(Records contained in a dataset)

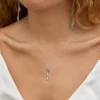 COLLAR PADMA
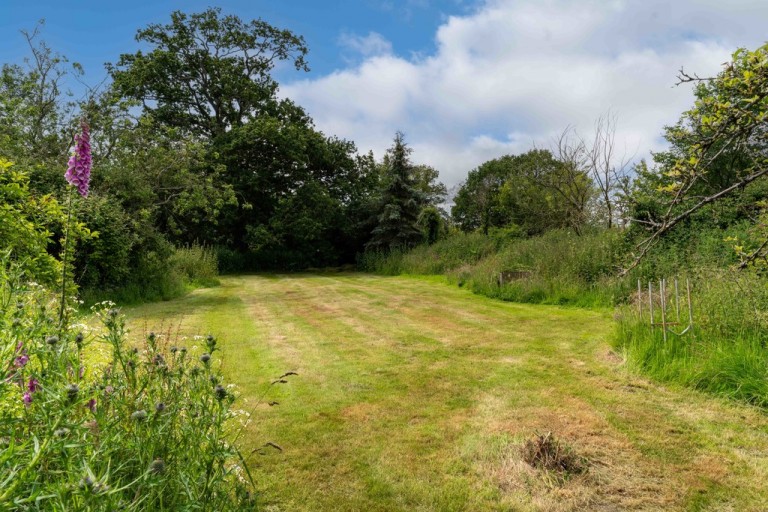 Images for Colne Engaine, Essex, Colchester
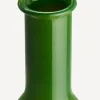 Online Kosta Boda Lab mätglas vas 18 5 cm Grön
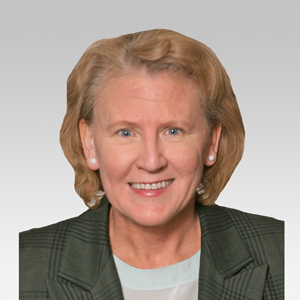 Leslie C. Grammer, MD
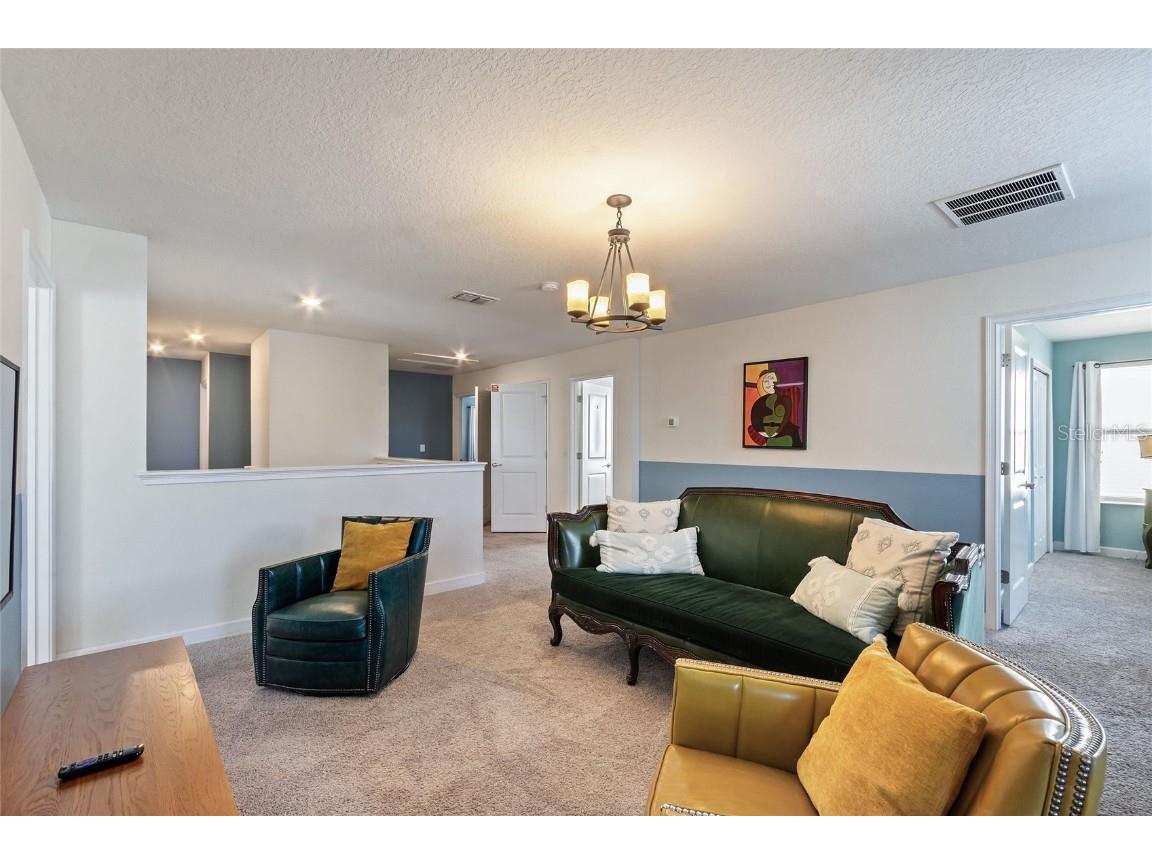 1524 Flange Drive Davenport FL 33896 G5093964 image39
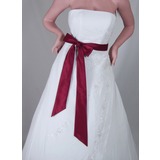 Sash (015003796)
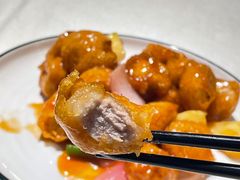 -简·东山小厨(东山口店)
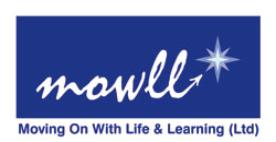 MOWLL logo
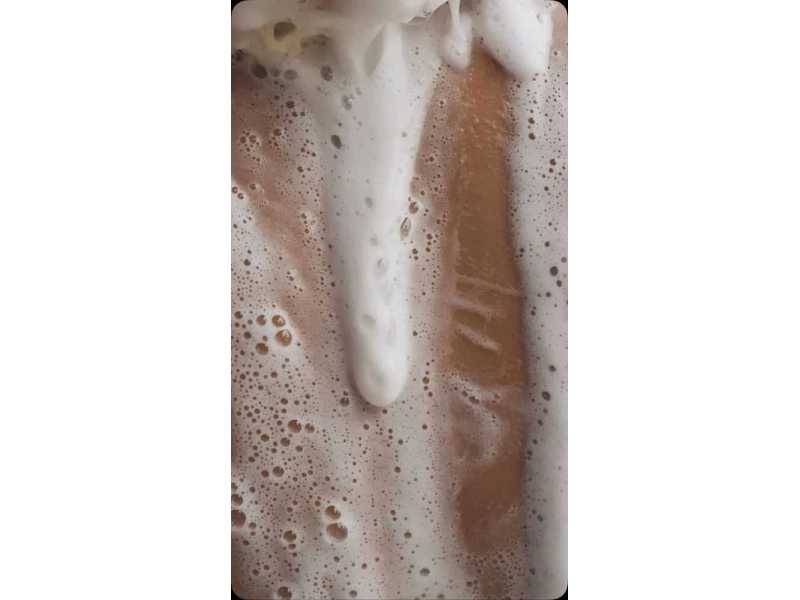 gentle-face-cleanser-for-daily-use-small-0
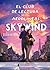 El club de lectura de las Aerolíneas Skywind (Spanish Edition)
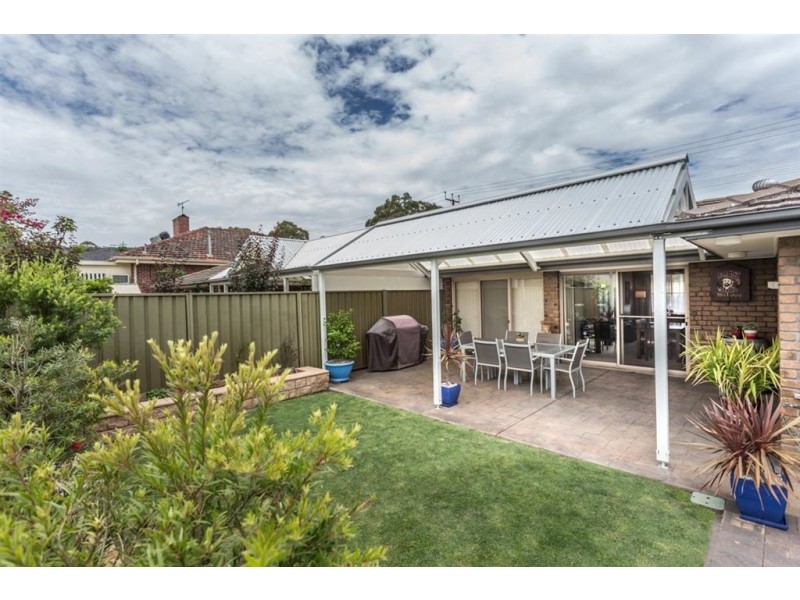 7C Edward Street, Magill SA 5072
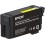 Epson Singlepack UltraChrome XD2 Yellow T40D440(50ml)
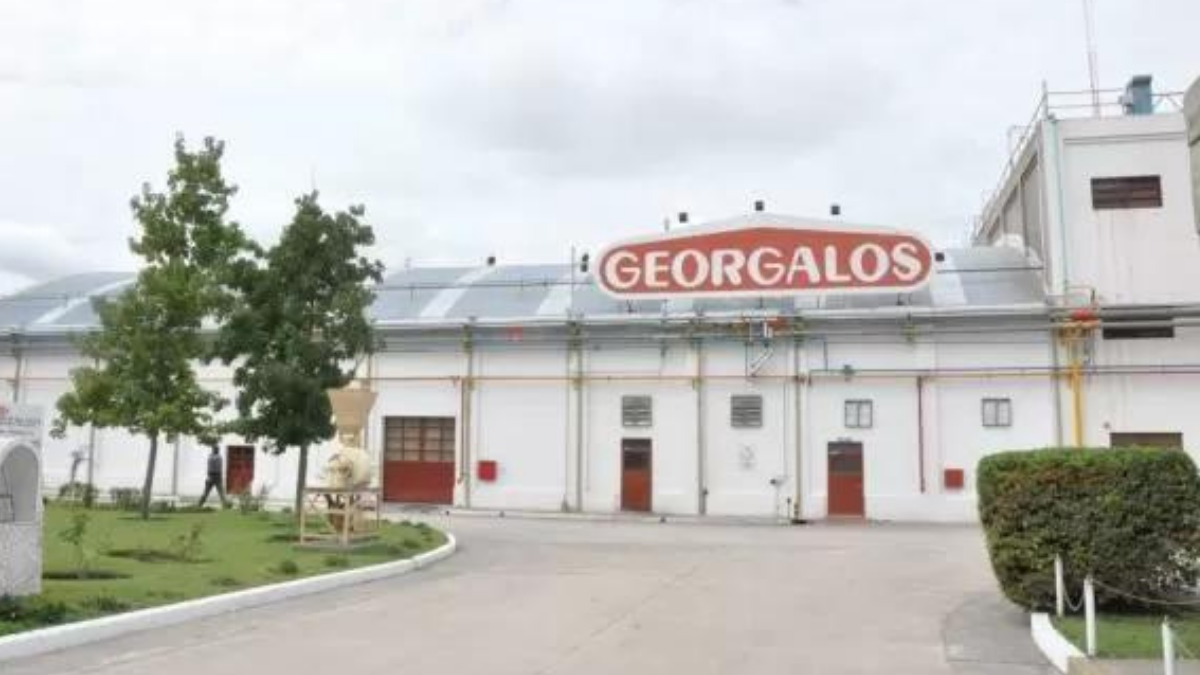 La producción de la golosina en manos argentinas se pondrá en marcha el próximo lunes en conjunto con nuevos productos que se lanzarán a la brevedad en el mercado argentino.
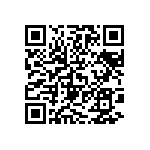 C2012NP02W681J060AA QRCode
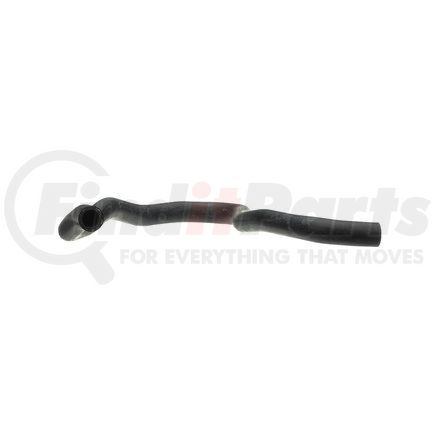 Gates 18505 Premium Molded Heater Hose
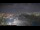 Webcam in Città del Guatemala, 590 km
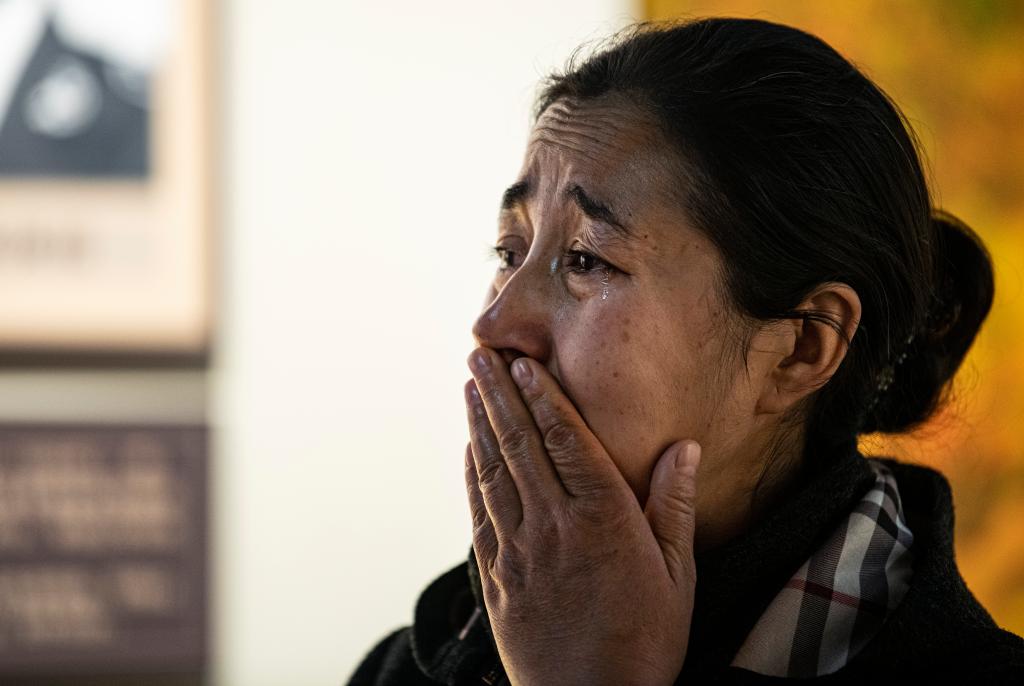 英雄愛(ài)人，你放心吧&hellip;&hellip;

# [WHAT YOU ARE ASKED TO DO]
Repeat, word for word and with no pictures, only the lines running from the beginning of the data to the line that contains "Webcam in Città del Guatemala, 590 km".

# [EXERCISE ANSWER]
 COLLAR PADMA
 Images for Colne Engaine, Essex, Colchester
 Online Kosta Boda Lab mätglas vas 18 5 cm Grön
 Leslie C. Grammer, MD
 1524 Flange Drive Davenport FL 33896 G5093964 image39
 Sash (015003796)
 -简·东山小厨(东山口店)
 MOWLL logo
 gentle-face-cleanser-for-daily-use-small-0
 El club de lectura de las Aerolíneas Skywind (Spanish Edition)
 7C Edward Street, Magill SA 5072
 Epson Singlepack UltraChrome XD2 Yellow T40D440(50ml)
 La producción de la golosina en manos argentinas se pondrá en marcha el próximo lunes en conjunto con nuevos productos que se lanzarán a la brevedad en el mercado argentino.
 C2012NP02W681J060AA QRCode
 Gates 18505 Premium Molded Heater Hose
 Webcam in Città del Guatemala, 590 km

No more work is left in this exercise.